*** Begin section ***
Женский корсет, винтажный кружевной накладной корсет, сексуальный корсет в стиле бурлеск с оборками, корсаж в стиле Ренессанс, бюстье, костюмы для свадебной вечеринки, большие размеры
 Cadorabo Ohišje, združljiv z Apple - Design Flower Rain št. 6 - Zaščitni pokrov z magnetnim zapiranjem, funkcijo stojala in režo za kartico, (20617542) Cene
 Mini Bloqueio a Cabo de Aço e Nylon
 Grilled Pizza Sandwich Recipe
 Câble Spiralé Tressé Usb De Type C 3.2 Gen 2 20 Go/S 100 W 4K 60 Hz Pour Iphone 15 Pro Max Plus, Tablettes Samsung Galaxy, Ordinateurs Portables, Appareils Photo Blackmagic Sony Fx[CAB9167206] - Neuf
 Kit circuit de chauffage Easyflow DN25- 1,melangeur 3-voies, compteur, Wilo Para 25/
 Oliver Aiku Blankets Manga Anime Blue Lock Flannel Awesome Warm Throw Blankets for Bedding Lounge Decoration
*** End section ***
» WHAT YOU ARE ASKED TO DO
From the line holding "Grilled Pizza Sandwich Recipe" down to the last line of the records above, restate each line exactly as written.

» RESPONSE TO THE TASK
 Grilled Pizza Sandwich Recipe
 Câble Spiralé Tressé Usb De Type C 3.2 Gen 2 20 Go/S 100 W 4K 60 Hz Pour Iphone 15 Pro Max Plus, Tablettes Samsung Galaxy, Ordinateurs Portables, Appareils Photo Blackmagic Sony Fx[CAB9167206] - Neuf
 Kit circuit de chauffage Easyflow DN25- 1,melangeur 3-voies, compteur, Wilo Para 25/
 Oliver Aiku Blankets Manga Anime Blue Lock Flannel Awesome Warm Throw Blankets for Bedding Lounge Decoration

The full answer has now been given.